The Offering, page 4
4. | Please revise the number of common shares issued and outstanding as of the most recent practicable date here, and throughout the filing. Similarly, revise to update the Selling Shareholder table, at page 19, and the Principal Stockholder Table, at page 43, to the most recent practicable date. |
The number of shares outstanding has been revised.
Use of Proceeds, page 14
5. | We note your response to our prior comment 7. Please clarify in your disclosure that you do not have a current agreement to acquire a Fight Group, and that the reference to an acquisition of a Fight Group in your Use of Proceeds discussion does not indicate a current plan to acquire a specific local fight group. |
The following has been added to the section on Use of Proceeds:
We do not have a current agreement to acquire a Fight Group.

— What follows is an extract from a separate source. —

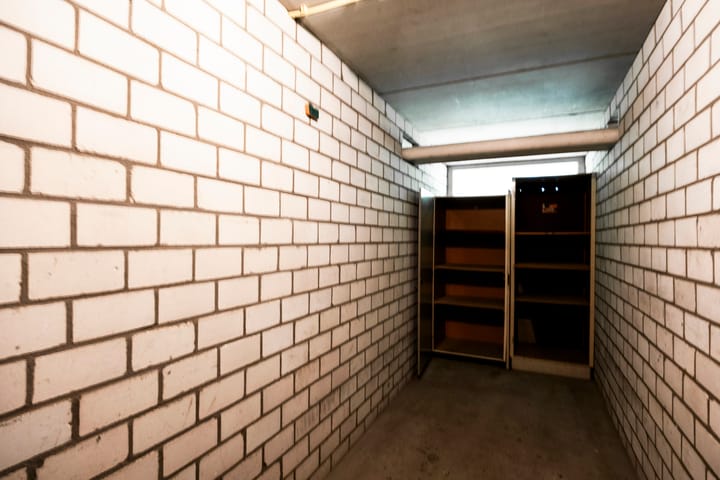 Appartement te koop: Troelstraweg 41, Wageningen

The reference to an acquisition of a Fight Group in this Use of Proceeds discussion does not indicate a current plan to acquire a specific local fight group.
Dilution, page 16
6. | Please refer to the second paragraph, which indicates that the historical net tangible book value as of June 30, 2018 was $.001 based on 360,533,444 shares outstanding. Please reconcile this with the chart and footnote 1 that appears to indicate historical net tangible book value as $.0001 as of June 30, 2018. |
The historical net tangible book value has been corrected.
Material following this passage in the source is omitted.